BEGIN

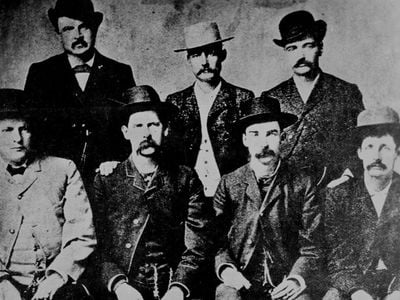 The “Dodge City Peace Commission,” June, 1883. Wyatt Earp is seated, second from left.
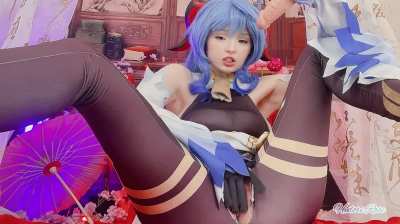Ganyu having some horny fun - Genshin Impact cosplay by Hidori Rose
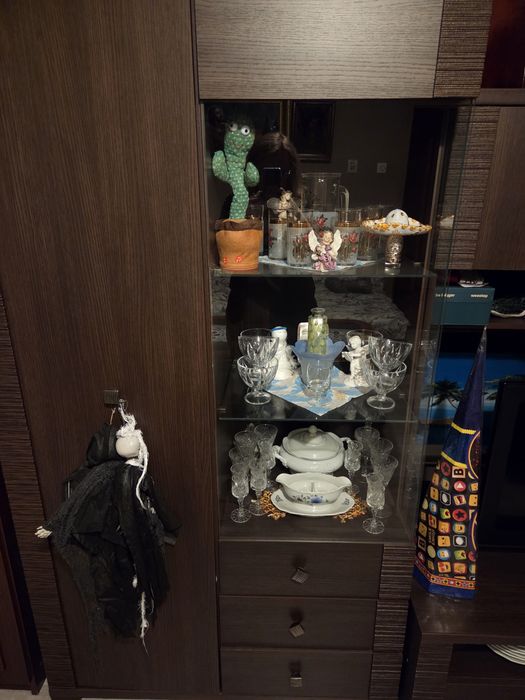 Regał witryna część meblościanki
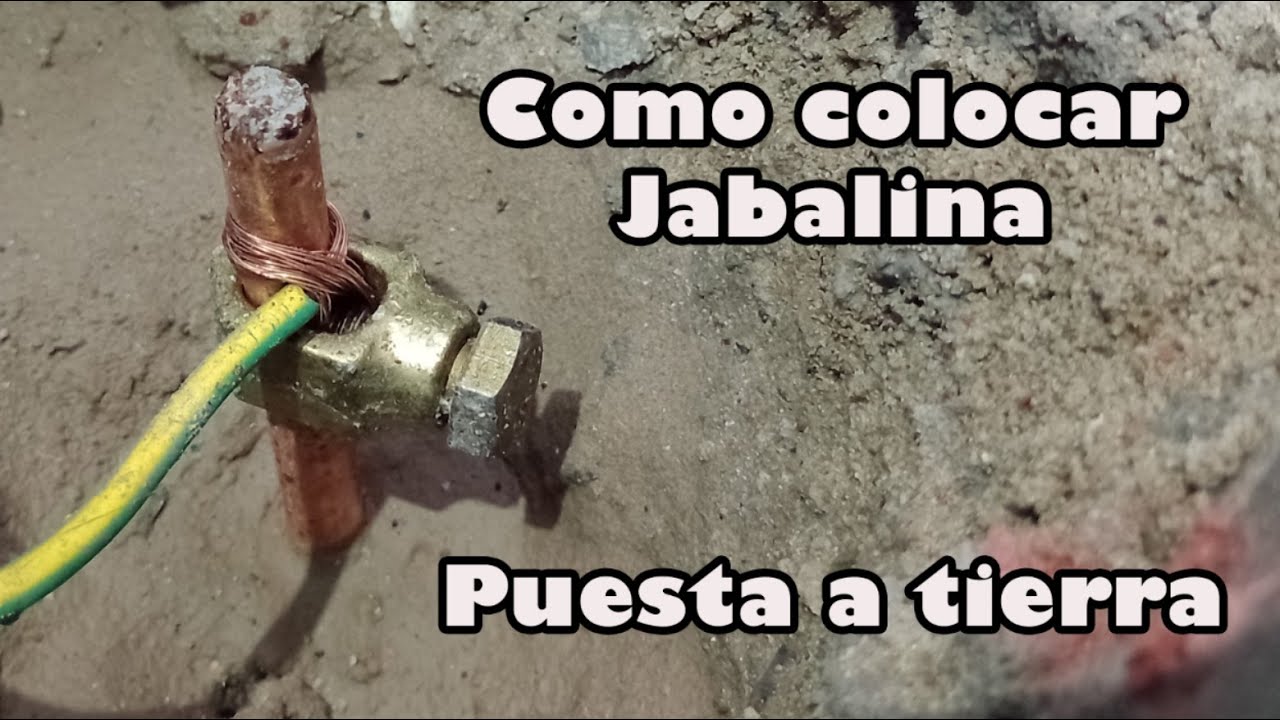 Como colocar una jabalina puesta a tierra de electricidad
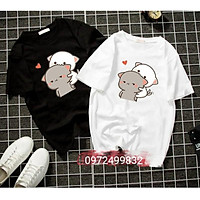 áo đôi hình gấu chibi đáng yêu - giá 1 áo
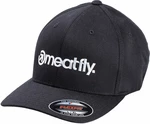 Meatfly Brand Flexfit Black L/XL Casquette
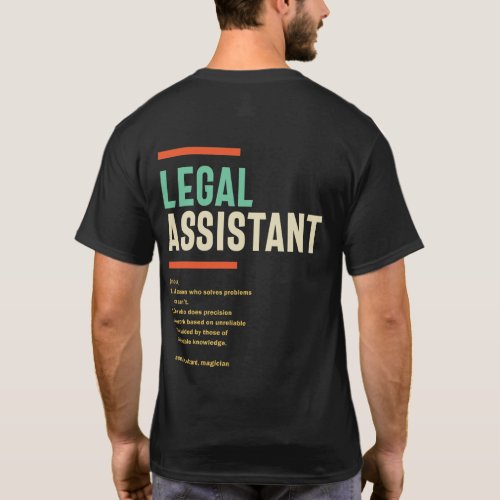Legal Assistant Definition T_Shirt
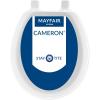 imageMayfair Cameron White Toilet Seat Non Slip Heavy Duty Wood Easy Clean RoundWhite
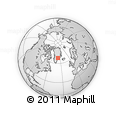 Outline Map of the Area around 67° 49' 45" N, 38° 10' 29" W, rectangular outline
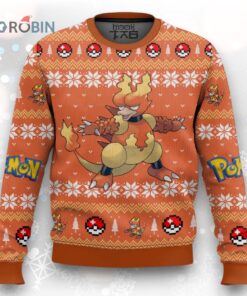 Pokemon Gen 1 Magmar Ugly Christmas Sweater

END

**AIM OF THE TASK:**
The range to transcribe runs from the line holding "Como colocar una" through the final line of the data above; copy it exactly and exclude the pictures.

**ANSWER SECTION:**
 Como colocar una jabalina puesta a tierra de electricidad
 áo đôi hình gấu chibi đáng yêu - giá 1 áo
 Meatfly Brand Flexfit Black L/XL Casquette
Legal Assistant Definition T_Shirt
 imageMayfair Cameron White Toilet Seat Non Slip Heavy Duty Wood Easy Clean RoundWhite
 Outline Map of the Area around 67° 49' 45" N, 38° 10' 29" W, rectangular outline
 Pokemon Gen 1 Magmar Ugly Christmas Sweater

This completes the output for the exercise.